= What you need to do =
Locate the line that contains "Decorazione natalizia a". Retype it and every line after it to the end of the records, exactly, but not the pictures.

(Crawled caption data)
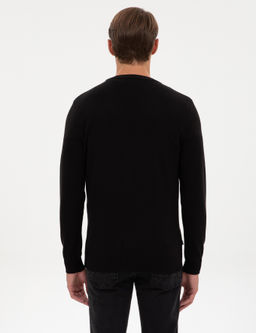 Siyah Slim Fit Basic D__meli Triko H_rka - Pierre cardin фото 5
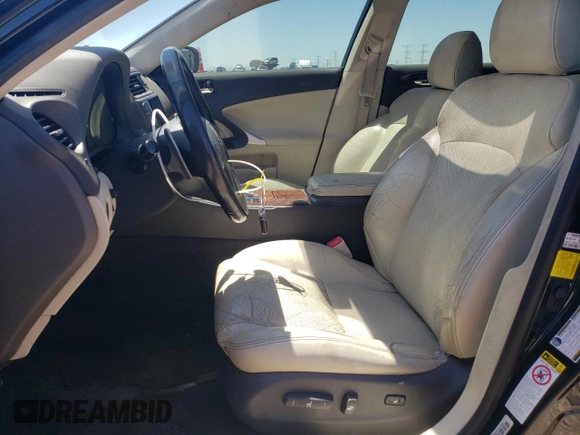 2012 Lexus IS 250 with VIN JTHBF5C21C5176028, listed as a Copart auction lot 58313524 with 174,201 mi miles and Salvage Title. Bid and sale history available at DreamBid. Image 7.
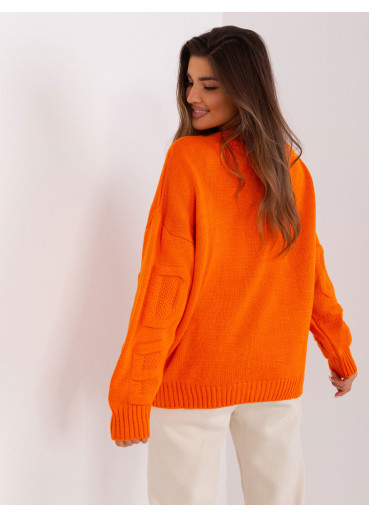 Oranžový oversize sveter
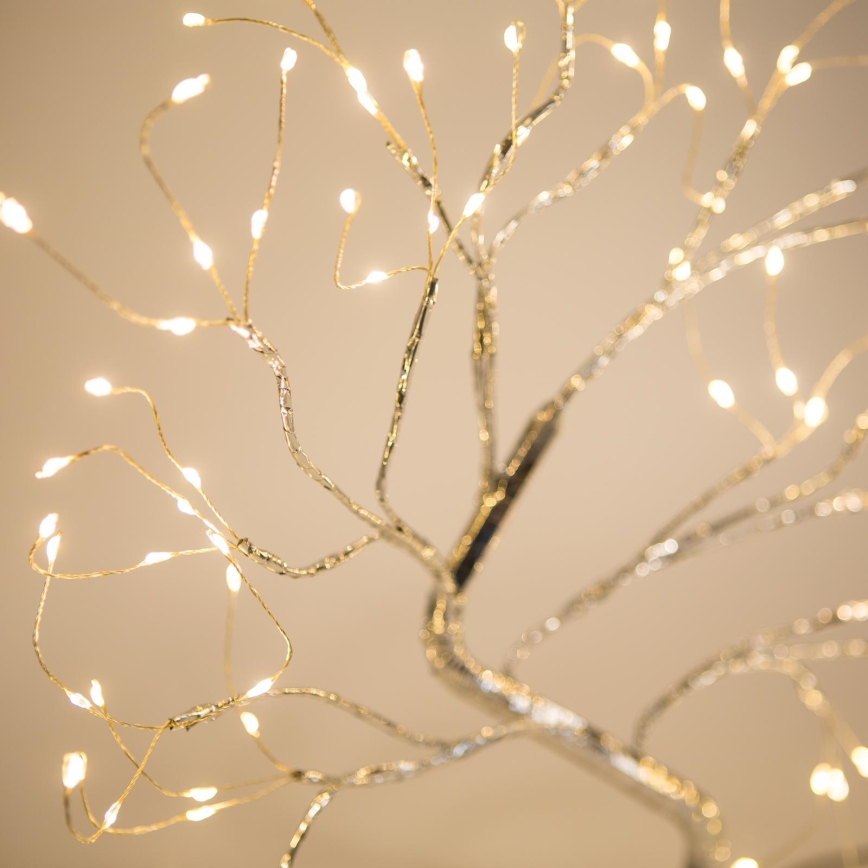 Decorazione natalizia a LED 102xLED/3xAA bianco caldo
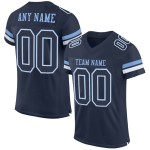 Custom Navy White-Light Blue Mesh Authentic Football Jersey Custom Navy White-Light Blue Mesh Authentic Football Jersey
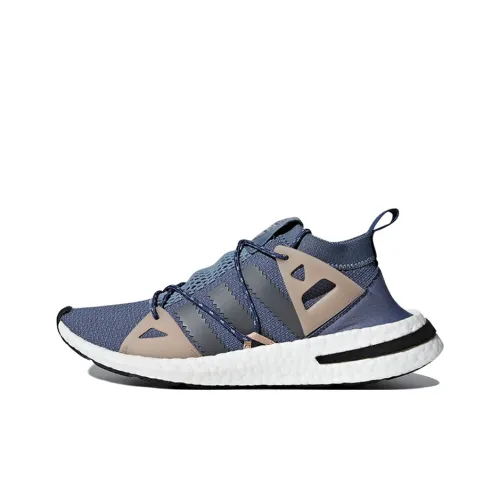 Adidas Originals Arkyn Shock Absorbers Slip-resistant Low Top Повседневные Беговые кроссовки Женские Синий Серый Черный Белый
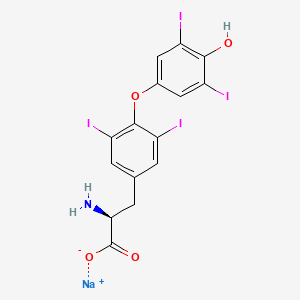 Structura chimică 2D a Levothyroxine Sodium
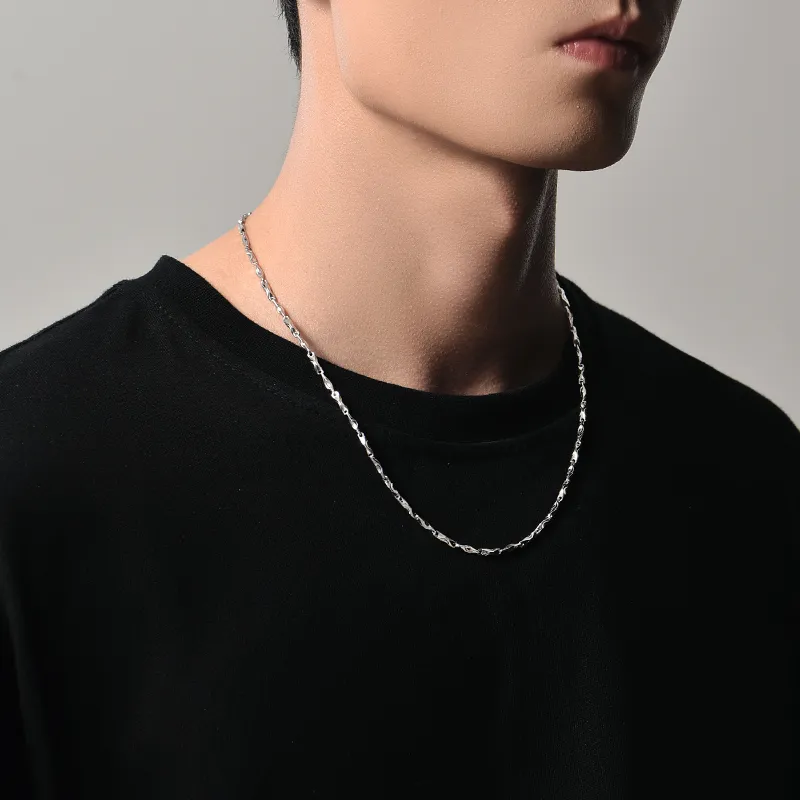 MYSH Sterling Silver Necklaces Men's-9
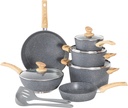 Induction Pots and Pans Set Non Stick, 12 Piece Kitchen Cookware Sets, Nonstick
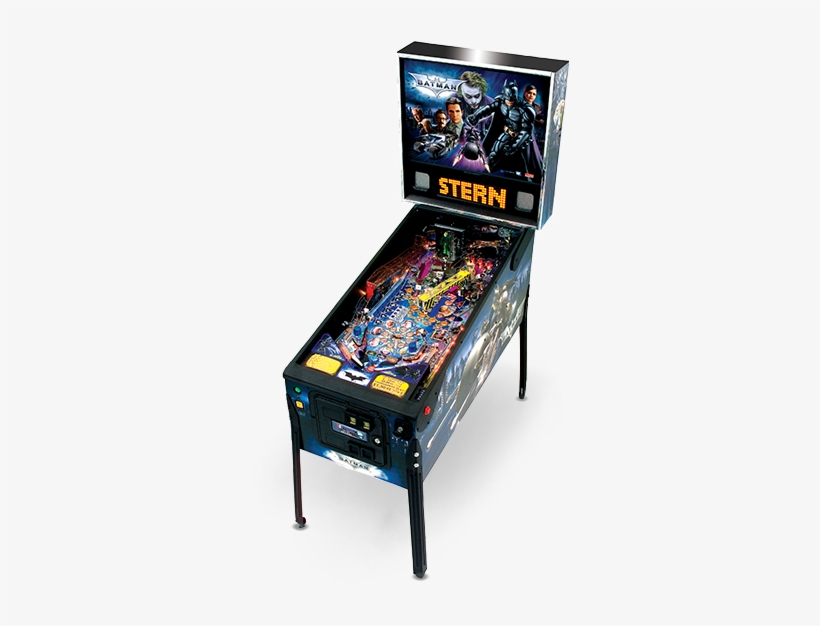 These Games Will Not Operate In Countries With 50 Cycle - Stern Batman The Dark Knight Pinball Machine, transparent png download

= Solution to this problem =
 Decorazione natalizia a LED 102xLED/3xAA bianco caldo
 Custom Navy White-Light Blue Mesh Authentic Football Jersey Custom Navy White-Light Blue Mesh Authentic Football Jersey
 Adidas Originals Arkyn Shock Absorbers Slip-resistant Low Top Повседневные Беговые кроссовки Женские Синий Серый Черный Белый
 Structura chimică 2D a Levothyroxine Sodium
 MYSH Sterling Silver Necklaces Men's-9
 Induction Pots and Pans Set Non Stick, 12 Piece Kitchen Cookware Sets, Nonstick
 These Games Will Not Operate In Countries With 50 Cycle - Stern Batman The Dark Knight Pinball Machine, transparent png download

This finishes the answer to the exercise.